**Problem requirements**:
Lines to restate from the data below: from the one containing "Container Chassis Trailer" to the one containing "Men's High Score Supply Last Stand Tee", both included. Give them again exactly, and only them.

**Data for this exercise**:
╭──

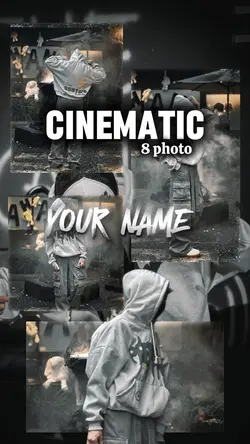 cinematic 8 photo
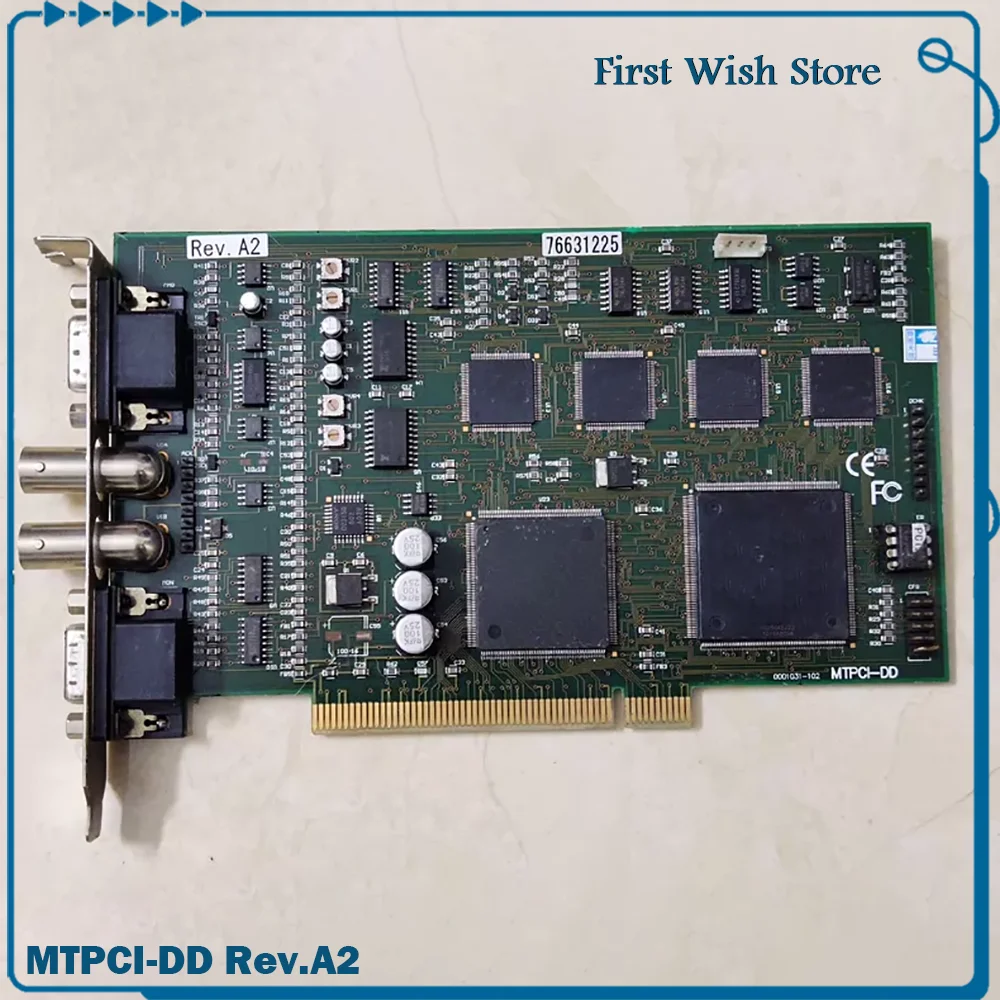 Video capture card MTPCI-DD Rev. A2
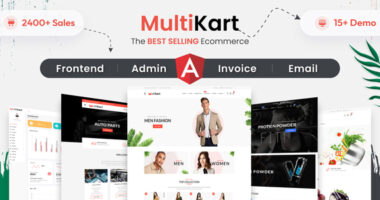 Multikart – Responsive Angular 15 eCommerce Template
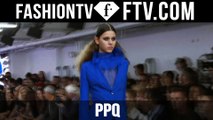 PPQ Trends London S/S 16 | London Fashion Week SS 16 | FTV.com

╰──
╭──

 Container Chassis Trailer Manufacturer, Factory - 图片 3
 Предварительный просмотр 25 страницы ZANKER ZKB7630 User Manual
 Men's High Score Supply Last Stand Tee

╰──

**Written solution**:
 Container Chassis Trailer Manufacturer, Factory - 图片 3
 Предварительный просмотр 25 страницы ZANKER ZKB7630 User Manual
 Men's High Score Supply Last Stand Tee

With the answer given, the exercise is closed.